That doesn't mean there's no such thing as trees though. It means a tree is a growth form, a life strategy, just like a succulent, a geofyte or an epifyte. It's a group of plants that have a lot in common despite not being related, and they are well defined. And one of the important defining characteristics of a tree is true wood production, which is missing in bananas. The life form of a banana is much more similar to ginger than to any tree.
The same goes for everything that lives then. There is no such thing as a mammal, they are just a form of prototheria! A lot of them just evolved into what we consider marsupials or eutheria. But a koala is just as much a mammal as a lemur!

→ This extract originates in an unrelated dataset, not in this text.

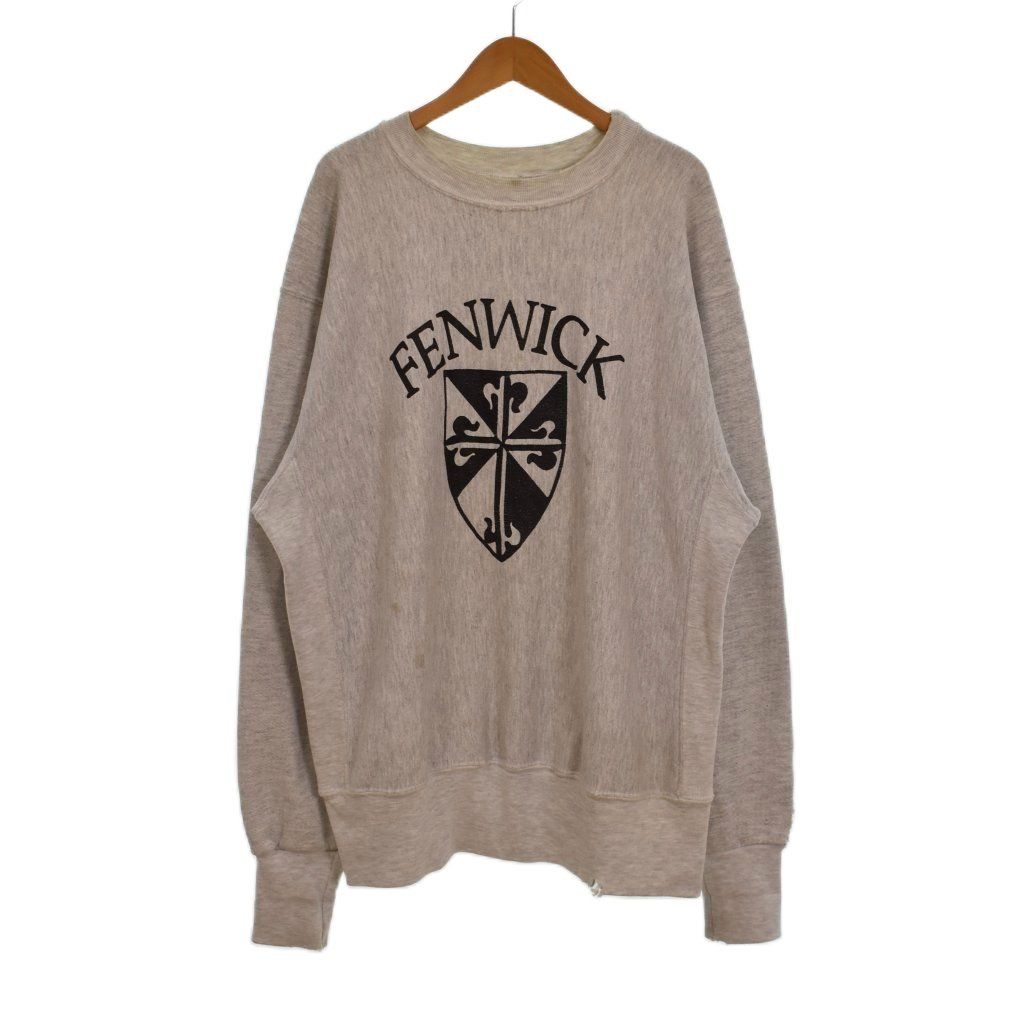 チャンピオン CHAMPION REVERSE WEAVE リバースウィーブ トレーナー スウェット クルーネック プルオーバー FENWICKプリント フロントデザイン ダメージ 灰色 グレー 黒 ブラック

Now this is a much smaller branch ofc, but you could slap it onto anything more vague. Reptiles, fish, crabs... and worse... fungi. Not to mention the archea.
I just don't respect botanical definitions any more. Who cares what they think berries, fruits, grain and nuts should be? They can't even define a tree! If anyone gets to define these terms for every English speaker, it sure isn't going to be them.
Culinary definitions all the way! Unfortunately, they have no satisfying category for rhubarb either.
No, they are nasty mush wax that should only be used for smells. Ugh, I hate touching them so much. The last time I bit one, I couldn't even chew it. Had to spit it right in the trash.
Not sure if trolling or not, but googling around and it sounds like Sensory Processing Disorders can cause this level of passionate hatred towards bananas...
Oh, definitely not trolling. I don't have many other things I have problems with, it's mostly bananas. And mushrooms. And one time I hit a lump in my mashed potatoes and threw up all over the table at a restaurant.